» **Goal of the exercise**
Within the records below, reproduce without change the lines from the line that has "Viugreum Faretto LED" through the line that has "浙江省丽水缙云县新建镇雪峰村白事花束代送", and only those.

» **Records for this task**
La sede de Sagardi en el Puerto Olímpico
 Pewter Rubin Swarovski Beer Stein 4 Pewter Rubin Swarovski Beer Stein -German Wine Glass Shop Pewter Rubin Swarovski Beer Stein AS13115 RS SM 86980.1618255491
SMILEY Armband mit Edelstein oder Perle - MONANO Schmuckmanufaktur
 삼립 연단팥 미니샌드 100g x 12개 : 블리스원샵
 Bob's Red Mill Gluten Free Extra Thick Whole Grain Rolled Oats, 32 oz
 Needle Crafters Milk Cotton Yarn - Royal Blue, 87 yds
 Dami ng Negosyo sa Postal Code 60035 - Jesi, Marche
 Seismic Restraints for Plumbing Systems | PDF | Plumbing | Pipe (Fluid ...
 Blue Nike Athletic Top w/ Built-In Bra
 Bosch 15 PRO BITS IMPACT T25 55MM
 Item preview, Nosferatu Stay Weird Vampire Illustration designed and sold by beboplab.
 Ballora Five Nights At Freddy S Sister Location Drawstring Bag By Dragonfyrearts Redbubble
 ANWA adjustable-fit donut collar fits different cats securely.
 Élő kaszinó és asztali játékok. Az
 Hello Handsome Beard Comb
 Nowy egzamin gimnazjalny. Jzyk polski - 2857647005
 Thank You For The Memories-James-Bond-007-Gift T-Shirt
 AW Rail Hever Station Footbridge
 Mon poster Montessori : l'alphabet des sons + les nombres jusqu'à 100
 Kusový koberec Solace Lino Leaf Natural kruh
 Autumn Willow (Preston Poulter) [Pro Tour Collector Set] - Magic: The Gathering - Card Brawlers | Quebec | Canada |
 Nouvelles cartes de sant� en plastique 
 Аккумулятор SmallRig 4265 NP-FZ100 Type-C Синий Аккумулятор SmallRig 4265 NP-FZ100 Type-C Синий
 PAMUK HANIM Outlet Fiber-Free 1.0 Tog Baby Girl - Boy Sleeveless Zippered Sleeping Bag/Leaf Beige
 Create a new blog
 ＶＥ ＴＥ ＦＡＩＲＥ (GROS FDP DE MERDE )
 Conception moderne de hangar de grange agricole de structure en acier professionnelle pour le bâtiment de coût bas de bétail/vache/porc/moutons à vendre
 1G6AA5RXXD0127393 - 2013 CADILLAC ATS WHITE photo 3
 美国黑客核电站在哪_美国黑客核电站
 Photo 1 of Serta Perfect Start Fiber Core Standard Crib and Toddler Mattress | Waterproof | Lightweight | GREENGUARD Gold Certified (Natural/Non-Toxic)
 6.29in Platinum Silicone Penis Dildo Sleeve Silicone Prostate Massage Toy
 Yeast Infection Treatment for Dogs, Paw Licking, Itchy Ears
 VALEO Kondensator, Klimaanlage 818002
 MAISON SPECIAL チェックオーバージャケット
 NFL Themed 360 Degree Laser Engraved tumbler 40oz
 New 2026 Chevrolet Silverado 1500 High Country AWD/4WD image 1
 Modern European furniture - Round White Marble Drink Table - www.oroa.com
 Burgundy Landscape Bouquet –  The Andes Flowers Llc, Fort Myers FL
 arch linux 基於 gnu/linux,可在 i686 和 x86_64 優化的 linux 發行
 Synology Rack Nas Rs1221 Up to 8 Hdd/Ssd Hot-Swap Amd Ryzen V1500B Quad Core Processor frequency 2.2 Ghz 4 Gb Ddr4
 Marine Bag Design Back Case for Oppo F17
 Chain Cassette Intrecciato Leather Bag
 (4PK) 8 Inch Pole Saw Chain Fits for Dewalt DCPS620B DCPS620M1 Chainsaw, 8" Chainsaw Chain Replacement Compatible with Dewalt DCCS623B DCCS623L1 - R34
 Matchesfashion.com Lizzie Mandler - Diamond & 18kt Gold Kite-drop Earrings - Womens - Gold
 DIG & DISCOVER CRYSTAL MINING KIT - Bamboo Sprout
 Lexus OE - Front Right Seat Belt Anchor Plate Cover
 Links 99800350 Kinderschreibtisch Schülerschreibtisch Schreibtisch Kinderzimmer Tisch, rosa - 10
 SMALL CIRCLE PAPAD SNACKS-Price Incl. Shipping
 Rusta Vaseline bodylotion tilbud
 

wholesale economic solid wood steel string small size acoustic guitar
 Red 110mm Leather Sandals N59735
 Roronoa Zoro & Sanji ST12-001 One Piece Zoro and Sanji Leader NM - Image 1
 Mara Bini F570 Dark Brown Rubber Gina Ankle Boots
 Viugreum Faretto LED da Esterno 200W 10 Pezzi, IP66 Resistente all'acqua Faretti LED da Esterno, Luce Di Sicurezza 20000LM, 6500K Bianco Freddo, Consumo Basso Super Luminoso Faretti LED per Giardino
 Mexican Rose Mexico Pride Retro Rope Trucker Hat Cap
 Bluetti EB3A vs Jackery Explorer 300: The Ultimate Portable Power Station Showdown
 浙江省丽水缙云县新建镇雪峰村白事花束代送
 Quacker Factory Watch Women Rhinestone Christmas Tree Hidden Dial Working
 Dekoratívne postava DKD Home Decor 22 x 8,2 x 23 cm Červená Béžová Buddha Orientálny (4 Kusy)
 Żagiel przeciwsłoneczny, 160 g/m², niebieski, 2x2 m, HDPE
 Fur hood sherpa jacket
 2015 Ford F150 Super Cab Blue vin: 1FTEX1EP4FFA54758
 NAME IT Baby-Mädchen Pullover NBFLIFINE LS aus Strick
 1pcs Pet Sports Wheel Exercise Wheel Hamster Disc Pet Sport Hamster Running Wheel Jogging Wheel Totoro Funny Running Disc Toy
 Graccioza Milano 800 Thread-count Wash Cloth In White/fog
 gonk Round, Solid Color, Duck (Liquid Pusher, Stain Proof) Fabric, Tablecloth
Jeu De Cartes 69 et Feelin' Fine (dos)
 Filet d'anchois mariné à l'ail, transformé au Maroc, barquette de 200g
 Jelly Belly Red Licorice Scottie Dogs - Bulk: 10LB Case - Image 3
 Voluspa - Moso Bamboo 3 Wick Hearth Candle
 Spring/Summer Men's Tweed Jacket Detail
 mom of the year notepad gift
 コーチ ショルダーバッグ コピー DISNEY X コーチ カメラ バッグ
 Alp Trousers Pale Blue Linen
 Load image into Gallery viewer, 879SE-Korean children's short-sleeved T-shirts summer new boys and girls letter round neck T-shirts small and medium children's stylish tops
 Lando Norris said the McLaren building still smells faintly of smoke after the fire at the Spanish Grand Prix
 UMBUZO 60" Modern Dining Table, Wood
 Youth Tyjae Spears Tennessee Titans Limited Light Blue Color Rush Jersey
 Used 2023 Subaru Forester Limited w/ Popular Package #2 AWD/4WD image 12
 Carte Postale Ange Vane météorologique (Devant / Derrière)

» **Response for this exercise**
 Viugreum Faretto LED da Esterno 200W 10 Pezzi, IP66 Resistente all'acqua Faretti LED da Esterno, Luce Di Sicurezza 20000LM, 6500K Bianco Freddo, Consumo Basso Super Luminoso Faretti LED per Giardino
 Mexican Rose Mexico Pride Retro Rope Trucker Hat Cap
 Bluetti EB3A vs Jackery Explorer 300: The Ultimate Portable Power Station Showdown
 浙江省丽水缙云县新建镇雪峰村白事花束代送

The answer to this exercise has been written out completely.